Our money is so boring compared to everyone else's.


----------



## chrsjrcj (Nov 7, 2013)

I think I pre-ordered one from a guy on Ebay. This thread reminded me that I should probably check up on that. :giggle:


----------



## fairviewroad (Nov 12, 2013)

Honoring "The Canadian", eh? I suppose you're allowed to spend it twice a week? Possibly three times a week in the summer?


----------



## jimhudson (Nov 12, 2013)

fairviewroad said:


> Honoring "The Canadian", eh? I suppose you're allowed to spend it twice a week? Possibly three times a week in the summer?


^_^ Good one!



SarahZ said:


> Our money is so boring compared to everyone else's.


True, but it's still the "Worlds Currency" and Everyone Wants it!  (Little known that this Country Prints and Coins Lots of the Worlds Currencies!)


----------



## yarrow (Nov 29, 2013)

we got a couple new $10 bills in cranbrook, bc. visiting, among other things, the canadian museum of rail travel in cranbrook. highly recommended. now that the train is on the bill they can't get rid of the train can they? i read somewhere that via renumbered the loco which appears on the new bill. in case it was in an accident they wouldn't want it enshrined on the new money


----------



## CHamilton (Nov 29, 2013)

I'm in Vancouver, BC, this weekend, and managed to get one of the new bills in the fourth bank I went to.

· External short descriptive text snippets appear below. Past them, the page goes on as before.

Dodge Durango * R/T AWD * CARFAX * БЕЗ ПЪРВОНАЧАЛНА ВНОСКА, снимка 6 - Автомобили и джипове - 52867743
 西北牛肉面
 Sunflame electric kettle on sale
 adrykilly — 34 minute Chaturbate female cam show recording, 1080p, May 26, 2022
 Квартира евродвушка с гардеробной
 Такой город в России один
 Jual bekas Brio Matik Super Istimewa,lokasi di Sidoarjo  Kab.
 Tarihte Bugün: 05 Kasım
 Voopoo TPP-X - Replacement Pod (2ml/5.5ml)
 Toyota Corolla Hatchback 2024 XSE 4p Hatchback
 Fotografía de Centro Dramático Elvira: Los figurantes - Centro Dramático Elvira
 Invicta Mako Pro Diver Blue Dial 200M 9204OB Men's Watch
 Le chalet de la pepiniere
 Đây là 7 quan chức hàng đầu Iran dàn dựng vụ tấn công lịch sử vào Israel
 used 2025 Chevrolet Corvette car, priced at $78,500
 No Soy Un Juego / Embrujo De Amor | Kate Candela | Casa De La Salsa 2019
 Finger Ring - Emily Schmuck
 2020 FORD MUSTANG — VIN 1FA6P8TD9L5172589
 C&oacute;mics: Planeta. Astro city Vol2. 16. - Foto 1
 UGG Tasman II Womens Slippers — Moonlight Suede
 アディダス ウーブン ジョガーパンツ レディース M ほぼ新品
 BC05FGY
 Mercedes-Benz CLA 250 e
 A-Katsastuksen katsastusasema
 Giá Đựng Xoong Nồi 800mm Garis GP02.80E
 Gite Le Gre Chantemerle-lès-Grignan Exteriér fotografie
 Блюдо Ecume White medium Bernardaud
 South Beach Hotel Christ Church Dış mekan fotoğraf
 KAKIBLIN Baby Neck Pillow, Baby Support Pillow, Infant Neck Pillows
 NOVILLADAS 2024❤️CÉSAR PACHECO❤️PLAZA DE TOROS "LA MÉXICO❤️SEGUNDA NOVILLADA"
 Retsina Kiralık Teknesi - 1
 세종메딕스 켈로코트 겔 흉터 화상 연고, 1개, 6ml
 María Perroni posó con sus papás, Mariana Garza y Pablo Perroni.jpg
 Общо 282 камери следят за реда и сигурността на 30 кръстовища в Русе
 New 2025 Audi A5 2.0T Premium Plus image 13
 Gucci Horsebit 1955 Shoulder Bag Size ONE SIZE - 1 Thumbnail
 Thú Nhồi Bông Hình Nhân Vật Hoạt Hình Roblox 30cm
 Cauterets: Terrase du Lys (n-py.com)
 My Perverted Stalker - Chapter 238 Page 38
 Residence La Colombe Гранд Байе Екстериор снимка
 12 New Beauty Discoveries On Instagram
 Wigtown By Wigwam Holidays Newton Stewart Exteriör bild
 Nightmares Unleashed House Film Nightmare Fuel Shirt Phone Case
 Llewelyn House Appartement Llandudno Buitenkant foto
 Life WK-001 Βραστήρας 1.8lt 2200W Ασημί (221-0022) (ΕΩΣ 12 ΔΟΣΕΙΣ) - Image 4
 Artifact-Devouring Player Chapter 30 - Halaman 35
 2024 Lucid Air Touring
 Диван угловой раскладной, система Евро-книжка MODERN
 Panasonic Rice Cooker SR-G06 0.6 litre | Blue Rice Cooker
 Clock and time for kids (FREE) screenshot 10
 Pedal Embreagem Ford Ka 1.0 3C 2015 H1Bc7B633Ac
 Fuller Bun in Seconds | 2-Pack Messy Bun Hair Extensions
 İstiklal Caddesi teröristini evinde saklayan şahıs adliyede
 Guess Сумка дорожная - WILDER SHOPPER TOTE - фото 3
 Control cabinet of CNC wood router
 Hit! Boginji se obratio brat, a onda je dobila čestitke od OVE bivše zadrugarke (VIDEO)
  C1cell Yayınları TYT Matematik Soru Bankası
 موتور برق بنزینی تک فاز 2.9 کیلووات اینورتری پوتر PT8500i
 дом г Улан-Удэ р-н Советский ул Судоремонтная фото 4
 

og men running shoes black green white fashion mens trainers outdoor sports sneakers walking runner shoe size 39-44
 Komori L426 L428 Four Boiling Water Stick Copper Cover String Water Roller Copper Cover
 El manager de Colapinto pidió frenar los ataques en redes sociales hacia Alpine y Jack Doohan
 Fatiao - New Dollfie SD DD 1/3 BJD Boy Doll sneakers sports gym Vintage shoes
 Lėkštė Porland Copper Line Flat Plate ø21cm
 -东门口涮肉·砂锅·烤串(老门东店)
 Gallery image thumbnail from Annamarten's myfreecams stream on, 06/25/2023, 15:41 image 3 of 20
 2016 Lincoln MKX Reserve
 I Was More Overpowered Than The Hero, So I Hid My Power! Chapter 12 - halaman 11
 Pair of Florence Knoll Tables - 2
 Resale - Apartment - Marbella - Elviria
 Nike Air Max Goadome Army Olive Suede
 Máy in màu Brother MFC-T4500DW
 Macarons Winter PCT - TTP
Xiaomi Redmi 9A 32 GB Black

All of the tellers said that I would get whatever the machine gave them...but the fourth one offered to try. I guess I was looking pretty dejected by then.


----------



## Bob Dylan (Nov 29, 2013)

CHamilton said:


> I'm in Vancouver, BC, this weekend, and managed to get one of the new bills in the fourth bank I went to. All of the tellers said that I would get whatever the machine gave them...but the fourth one offered to try. I guess I was looking pretty dejected by then.


Charlie: They have Money Machines in Canada that Gve you Teners on Request???  I'm looking up Cheap Flights to SEA and the Cascade Schedule to Vancouver right Now! ^_^


----------



## CHamilton (Nov 29, 2013)

Jim: from what I understand, there's a machine that provides bills for the tellers, and that's what they were referring to. I guess tellers don't keep bills behind the counter any more.


----------



## Bob Dylan (Nov 29, 2013)

CHamilton said:


> Jim: from what I understand, there's a machine that provides bills for the tellers, and that's what they were referring to. I guess tellers don't keep bills behind the counter any more.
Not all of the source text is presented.